(Dataset excerpts)
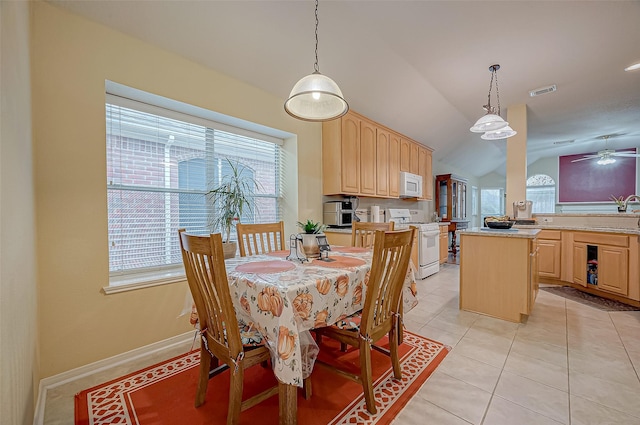 dining area with light tile patterned floors, vaulted ceiling, and ceiling fan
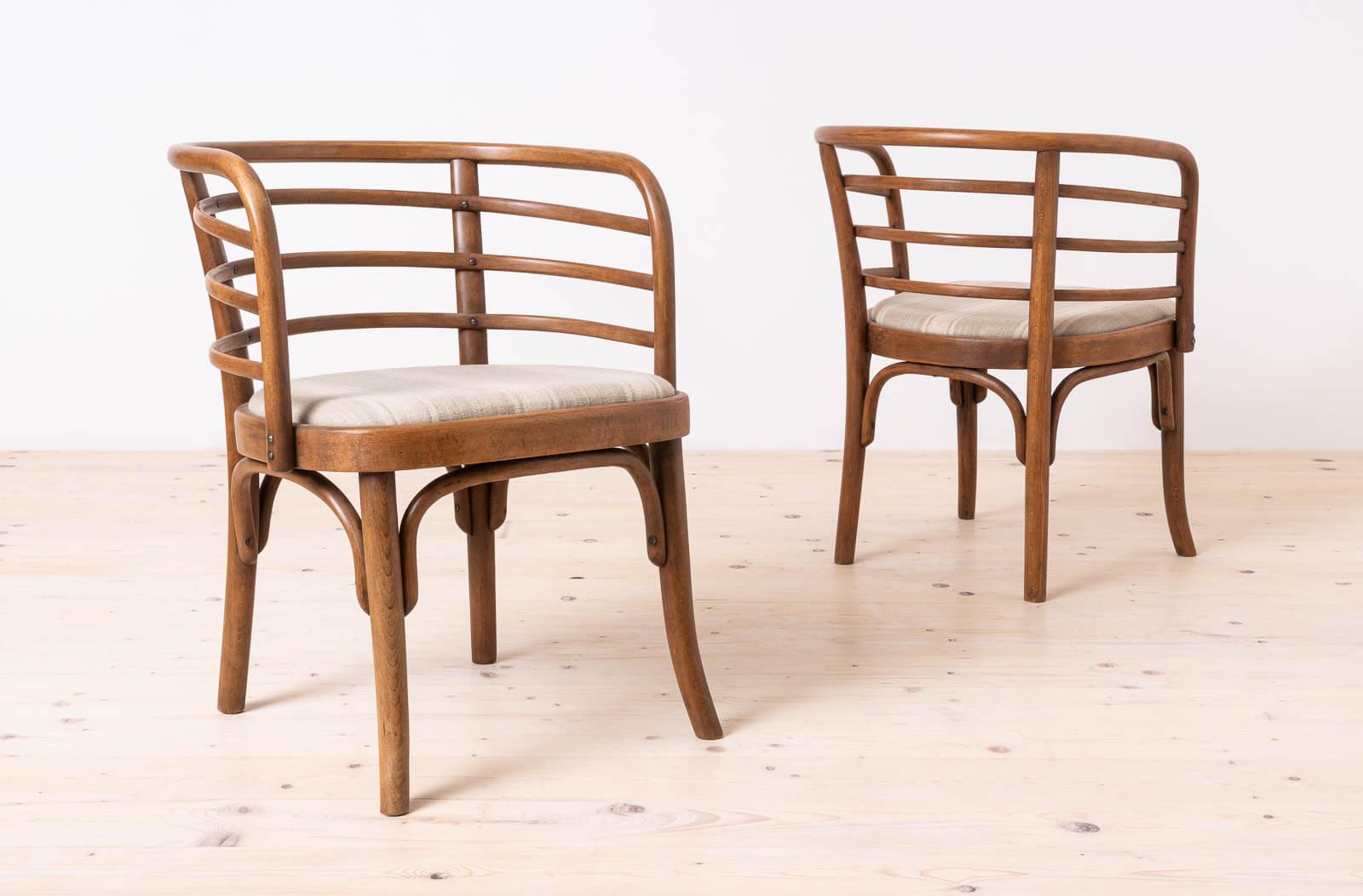 This set of 2 armchairs was produced by Thonet (original paper labels are still under the seats as you may see in the attached picture) and most probably designed by Josef Frank. This particular model was catalogued as model no. B245 or B246,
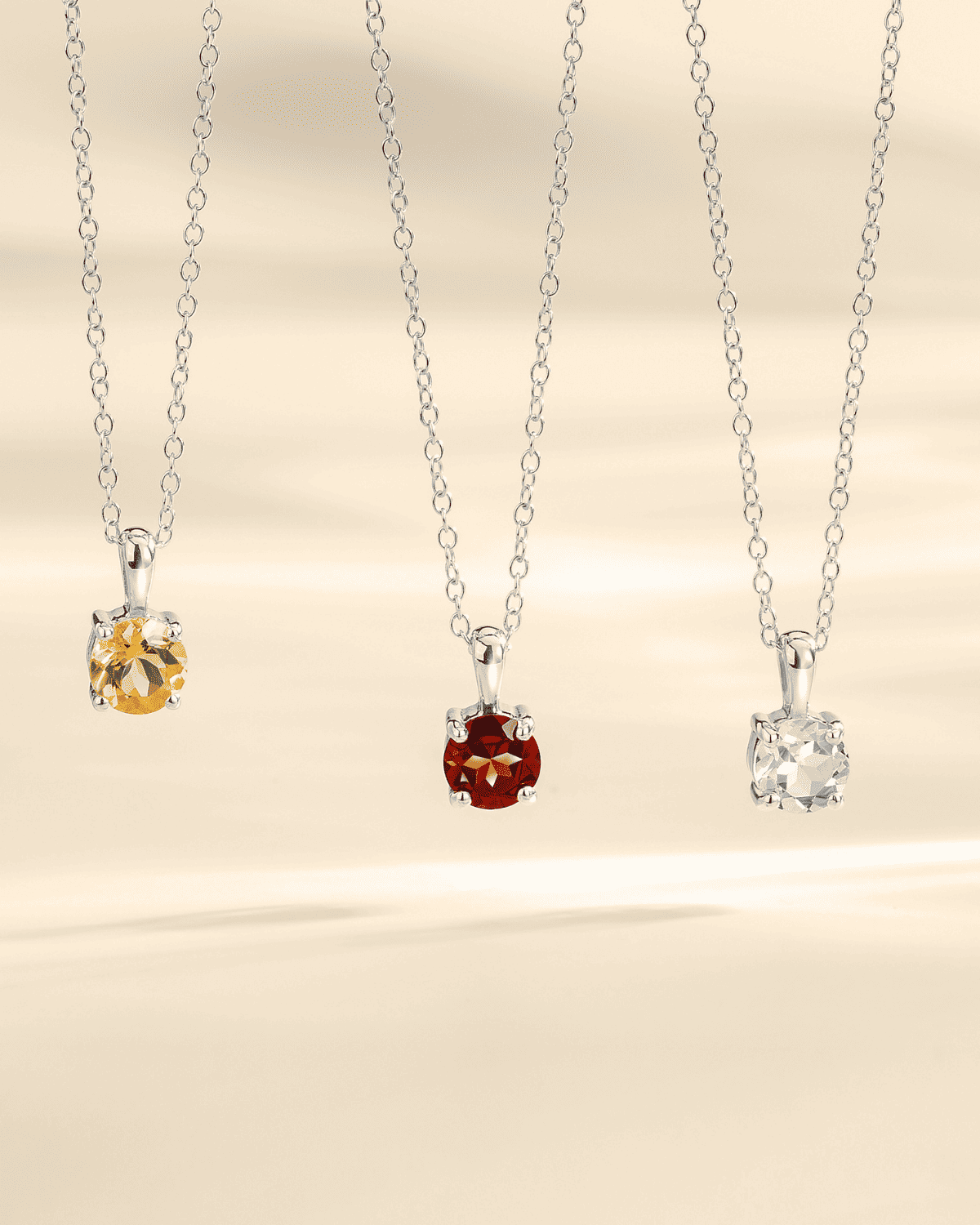 Silver chain solitaire pendant necklaces with red and other colored gemstones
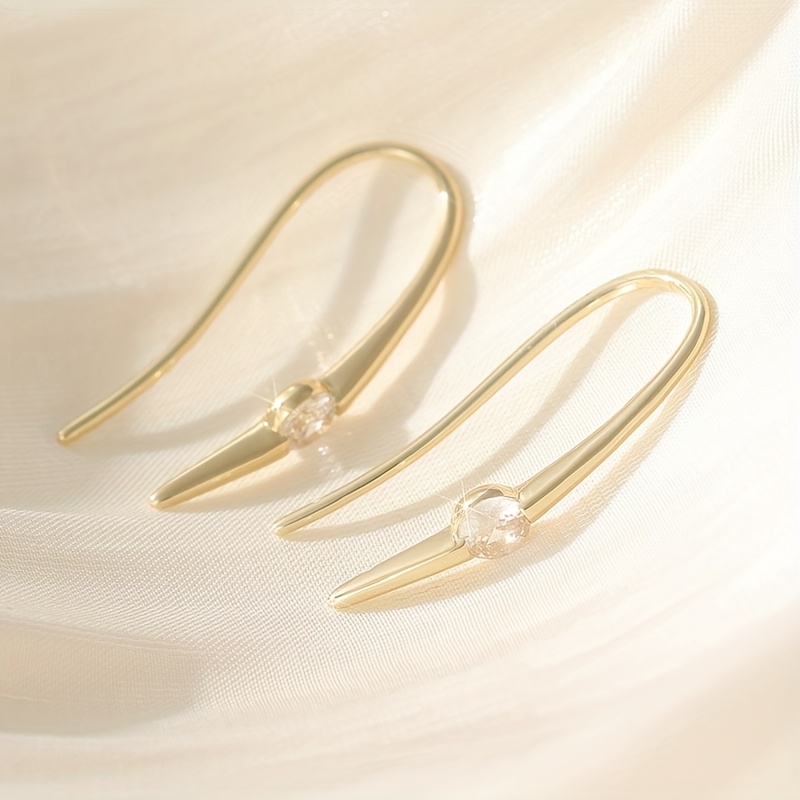 Image of Sleek Golden Jewelry, Suitable For Daily Wear And Parties, Featuring Elegant Ear Studs For Women, Perfect For Any Occasion Throughout The Year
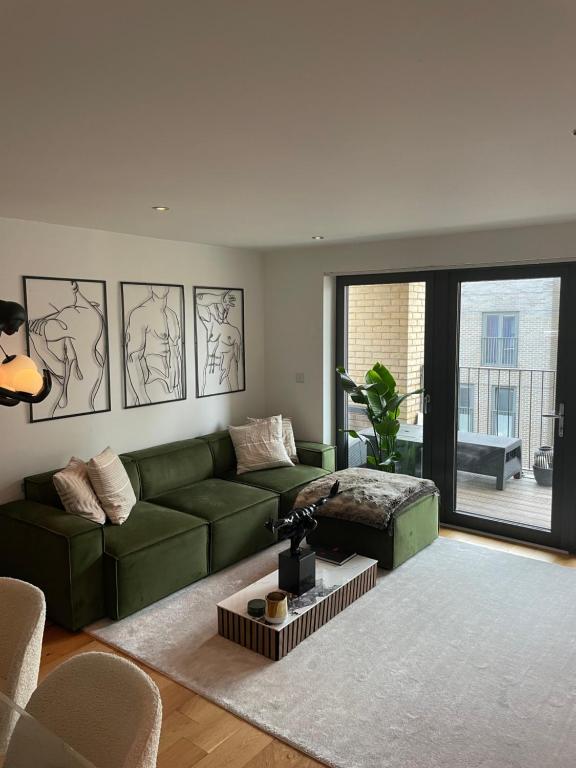 伦敦Cosy bedroom in Luxury apartment的客厅设有绿色沙发和大窗户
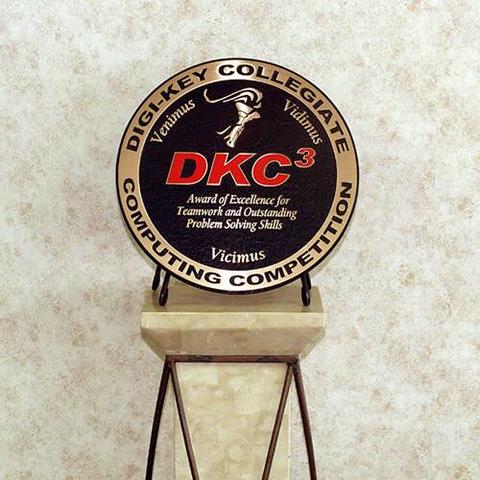 A round plaque that reads, "Digi-Key Collegiate Computing Competition DKC to the third power" 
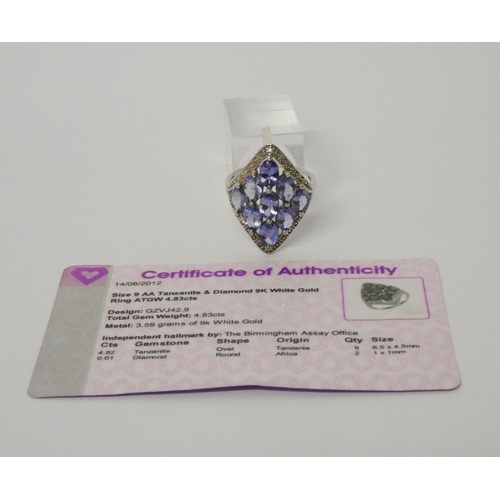 502 - A large modern tanzanite and diamond dress ring, on 9ct white gold band. With certificate. Weight 3.... 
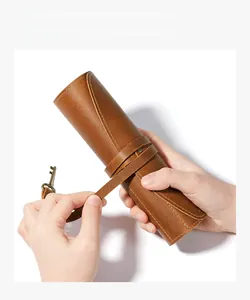 Detail of vintage leather pencil roll showing secure cord closure and bronze key charm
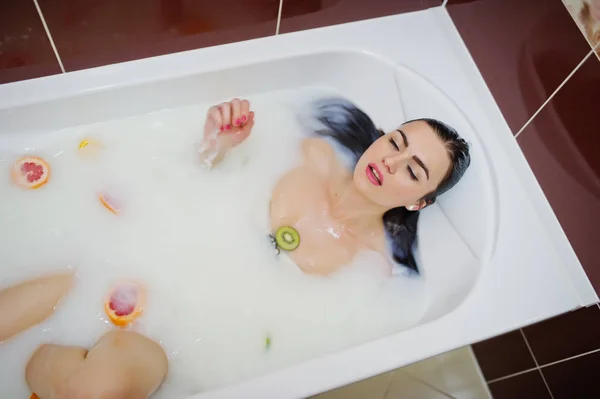 Сексуальная брюнетка в ванной с молоком и фруктами. Молодежь b — стоковое фото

** Prompt **
Nothing but the lines from the line containing "伦敦Cosy bedroom in" through the last line of the records above is to be extracted, exactly and with no pictures.

** Your response **
 伦敦Cosy bedroom in Luxury apartment的客厅设有绿色沙发和大窗户
 A round plaque that reads, "Digi-Key Collegiate Computing Competition DKC to the third power" 
 502 - A large modern tanzanite and diamond dress ring, on 9ct white gold band. With certificate. Weight 3.... 
 Detail of vintage leather pencil roll showing secure cord closure and bronze key charm
 Сексуальная брюнетка в ванной с молоком и фруктами. Молодежь b — стоковое фото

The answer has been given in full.